U.S. President Trump promised repeatedly while campaigning to “unleash” America’s fossil fuel sector from burdensome regulation. He nominated America’s top oil executive as his secretary of state. So Big Oil was caught wrong-footed this week by immigrant travel restrictions that will strike especially hard at one of the world’s most international work forces.
“Of all the energy sectors, oil and natural gas companies stand to be hit the hardest” by Trump’s immigration orders, Bloomberg reports. As a result, “energy companies led declines in the Standard & Poor’s 500 Index [on Monday] as investors weighed Trump’s first week in office.”
“Oil and gas is going to have the most heartburn from this,” said University of Texas in Austin oil market expert Michael Webber. “Other parts of the energy sector, like the electricity sector, are more domestically situated with its work force and its assets.”
New York energy industry talent recruiter George Stein suggested energy companies “may think twice about basing jobs in the U.S.,” finding instead that they can “meet their hiring needs, if a non-U.S. citizen is the best choice, by installing them in London or Singapore or São Paulo or Calgary.”
Webber also warned that the seven Muslim-majority countries Trump targeted (those in the region that lack business relationships with the Trump empire) may refuse work permits to Americans in retaliation. “Supervisors in Houston could be prevented from visiting employees and clients in nations affected by the executive order,” the Texas academic speculated.

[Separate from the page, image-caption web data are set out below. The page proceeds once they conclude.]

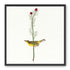 A yellow bird beneath red blooms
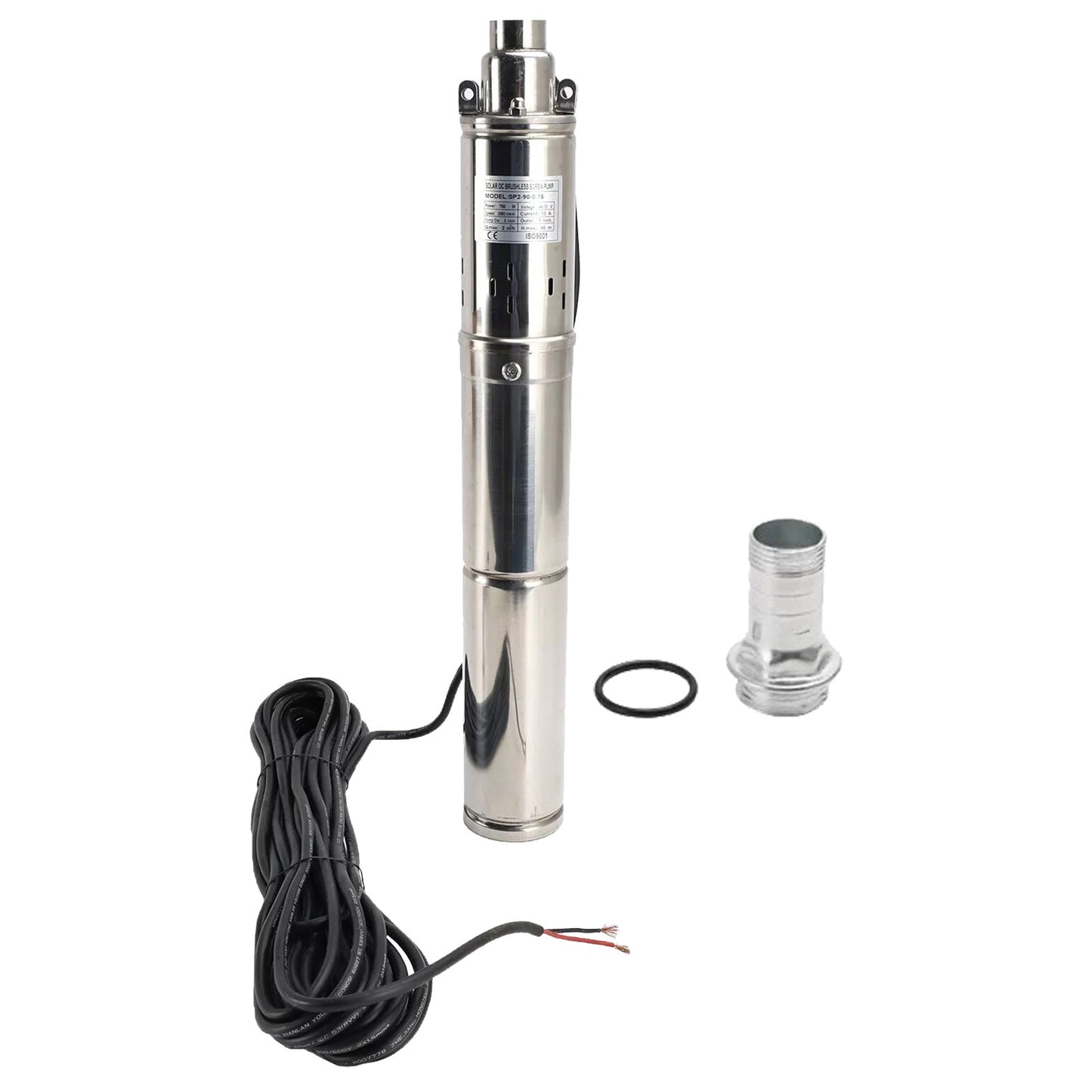 3in 48V 750W Deep Well Solar Submersible Bore Hole Water Pump With 15M Line-0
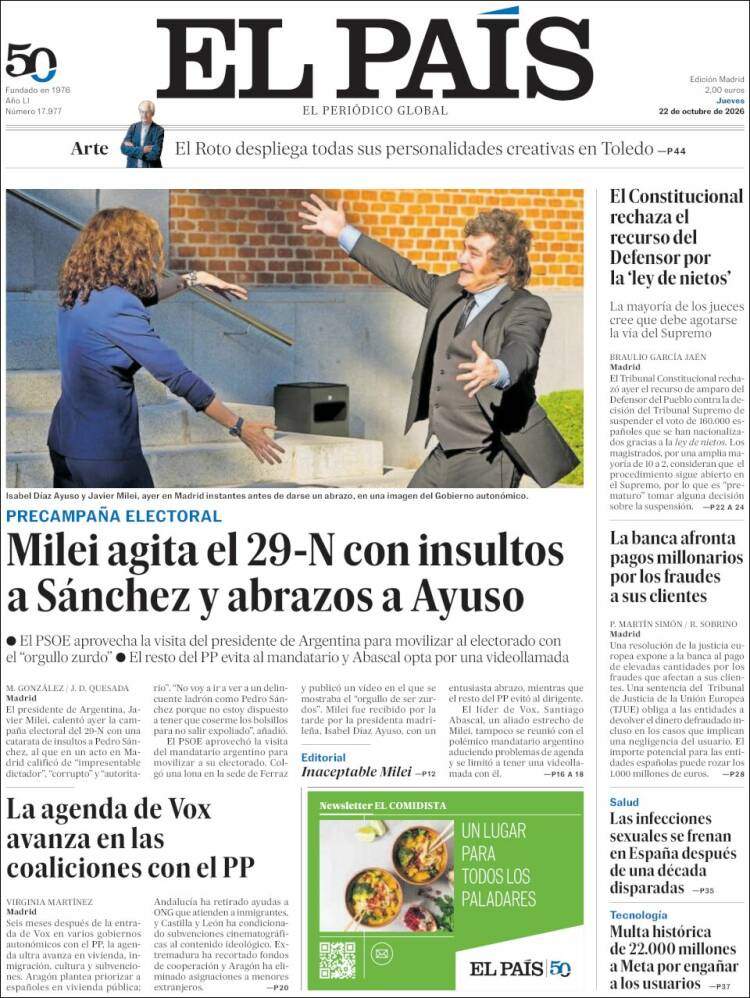 'El País', 22 d'octubre de 2026 'El País', 22 d'octubre de 2026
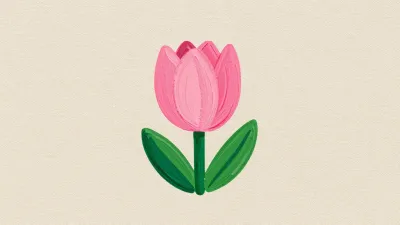 Pink Tulip Bud Painted Texture - Flora - AI generated image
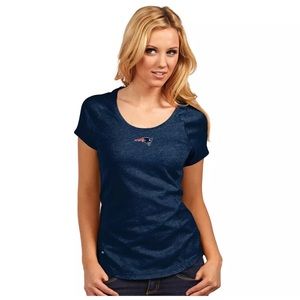 New England Patriots Embroidered Navy Heather Top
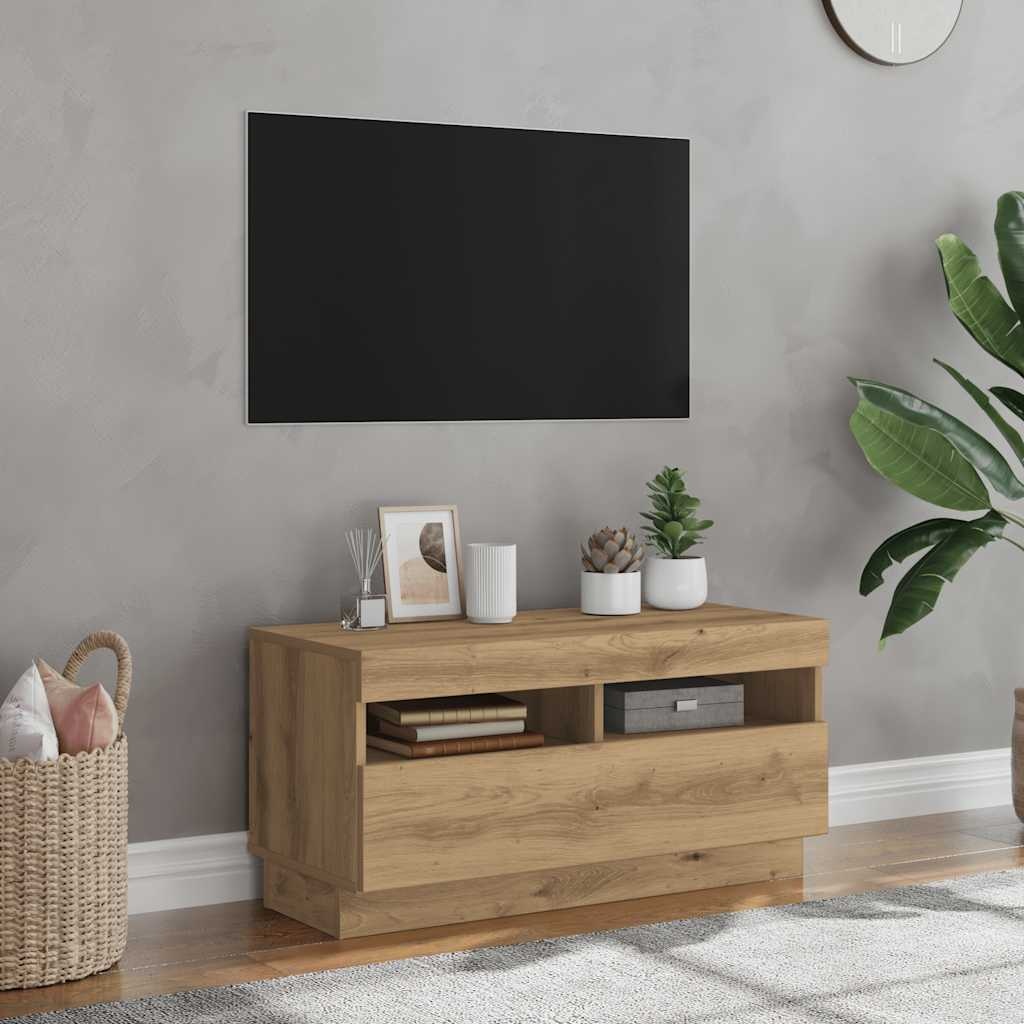 VidaXL Tv-meubel met LED 80x35x40 cm bewerkt hout artisanaal eiken
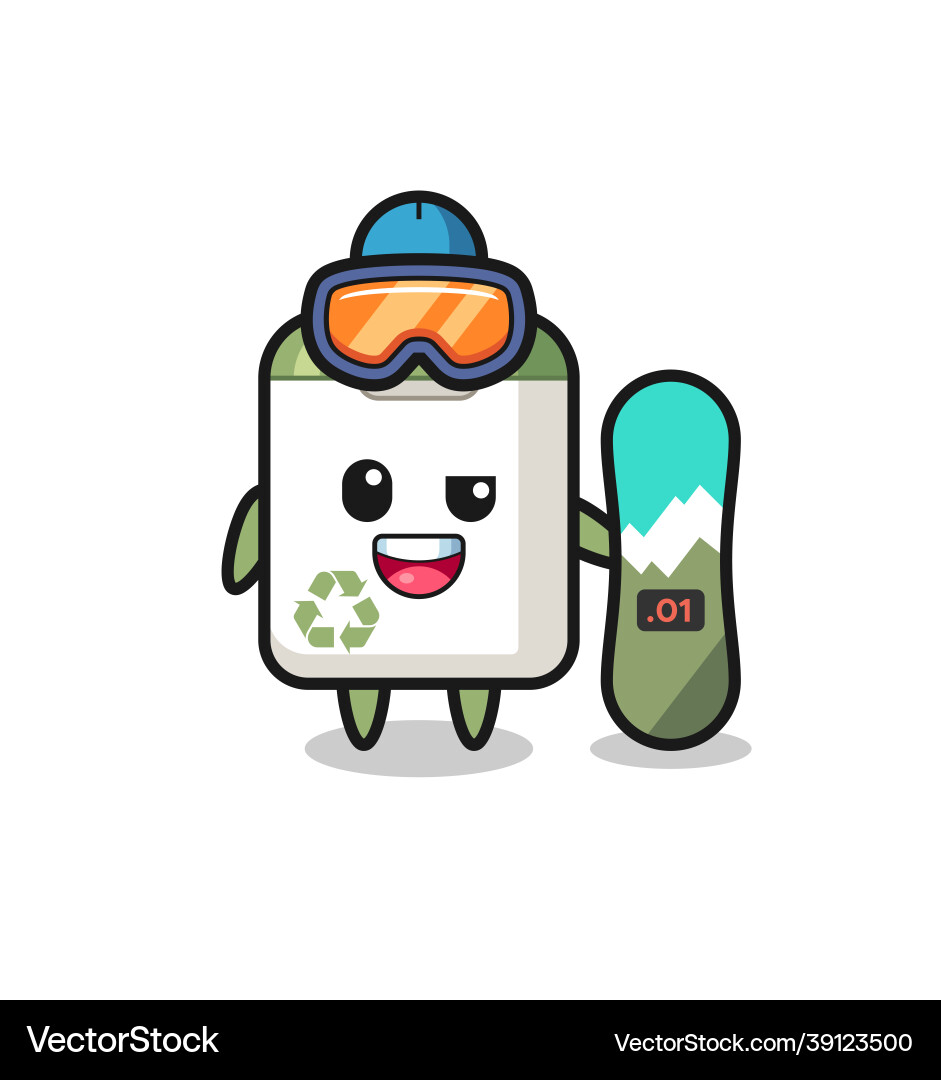 Trash can character with snowboarding style Trash can character with snowboarding style Vector Image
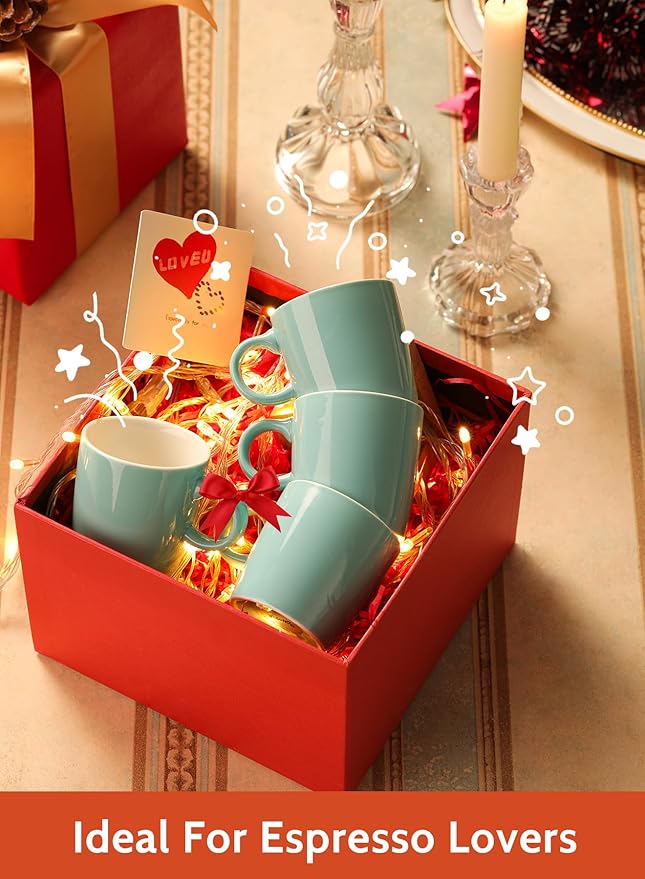 Sweese 3.5oz Porcelain Espresso Cups Set of 4, Mini Coffee Mugs Demitasse Cups - Turquoise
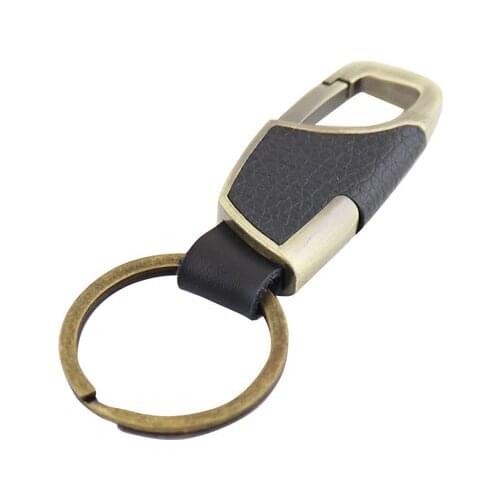 Leather for Car bronze luxurious male shield key ring Key Chains keychains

And indeed, Bloomberg adds, “Iraq’s parliament has already urged its government to bar U.S. citizens from entering the country. Halliburton and ExxonMobil Corporation are among U.S. energy companies that do business there.”
Bloomberg sought comment on the energy sector implications of Trump’s travel ban from several industry groups. The American Petroleum Institute and the Independent Petroleum Association of America both said their members would respond on a “company-by-company” basis. The Edison Electric Institute and the American Fuel and Petrochemical Manufacturers had nothing to say.